— Try it —
Among the lines below, list those containing the string "thumbnail".

Data extracted from a collection:

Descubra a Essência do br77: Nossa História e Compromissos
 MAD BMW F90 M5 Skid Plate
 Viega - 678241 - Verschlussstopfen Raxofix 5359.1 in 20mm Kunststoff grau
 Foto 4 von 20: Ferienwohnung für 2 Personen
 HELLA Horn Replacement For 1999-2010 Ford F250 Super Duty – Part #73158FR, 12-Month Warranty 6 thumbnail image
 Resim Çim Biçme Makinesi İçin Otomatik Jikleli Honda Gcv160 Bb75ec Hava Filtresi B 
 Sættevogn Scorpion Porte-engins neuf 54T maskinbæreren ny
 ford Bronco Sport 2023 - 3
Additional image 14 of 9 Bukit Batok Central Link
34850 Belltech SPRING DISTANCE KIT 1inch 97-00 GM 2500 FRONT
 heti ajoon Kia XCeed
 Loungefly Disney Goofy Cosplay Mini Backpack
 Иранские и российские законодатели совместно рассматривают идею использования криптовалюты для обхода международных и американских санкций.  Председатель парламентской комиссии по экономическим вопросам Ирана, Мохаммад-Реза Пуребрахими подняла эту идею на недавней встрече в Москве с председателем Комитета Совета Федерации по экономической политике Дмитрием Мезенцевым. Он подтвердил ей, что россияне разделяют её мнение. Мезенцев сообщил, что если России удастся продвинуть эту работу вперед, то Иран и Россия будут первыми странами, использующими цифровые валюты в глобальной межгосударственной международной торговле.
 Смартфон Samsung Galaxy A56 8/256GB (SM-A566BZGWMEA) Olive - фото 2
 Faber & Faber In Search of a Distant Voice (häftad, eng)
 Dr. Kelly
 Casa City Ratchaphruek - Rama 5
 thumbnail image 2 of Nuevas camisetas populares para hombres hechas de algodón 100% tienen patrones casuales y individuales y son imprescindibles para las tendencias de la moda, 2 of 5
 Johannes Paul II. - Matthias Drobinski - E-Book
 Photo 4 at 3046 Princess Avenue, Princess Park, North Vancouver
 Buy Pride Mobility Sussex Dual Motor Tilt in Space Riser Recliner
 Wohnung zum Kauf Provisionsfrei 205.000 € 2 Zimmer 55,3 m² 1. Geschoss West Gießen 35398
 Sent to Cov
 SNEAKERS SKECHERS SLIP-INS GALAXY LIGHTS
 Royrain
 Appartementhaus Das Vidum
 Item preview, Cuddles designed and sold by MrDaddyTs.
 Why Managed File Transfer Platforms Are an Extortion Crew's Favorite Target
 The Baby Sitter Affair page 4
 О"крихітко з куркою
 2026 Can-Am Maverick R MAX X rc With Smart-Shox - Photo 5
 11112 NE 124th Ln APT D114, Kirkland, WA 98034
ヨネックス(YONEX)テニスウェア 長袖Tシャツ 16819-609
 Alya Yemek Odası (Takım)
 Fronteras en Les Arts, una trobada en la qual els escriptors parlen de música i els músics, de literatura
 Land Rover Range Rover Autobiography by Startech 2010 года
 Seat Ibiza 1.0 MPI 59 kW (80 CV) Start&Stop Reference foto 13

— Response to this task —
 HELLA Horn Replacement For 1999-2010 Ford F250 Super Duty – Part #73158FR, 12-Month Warranty 6 thumbnail image
 thumbnail image 2 of Nuevas camisetas populares para hombres hechas de algodón 100% tienen patrones casuales y individuales y son imprescindibles para las tendencias de la moda, 2 of 5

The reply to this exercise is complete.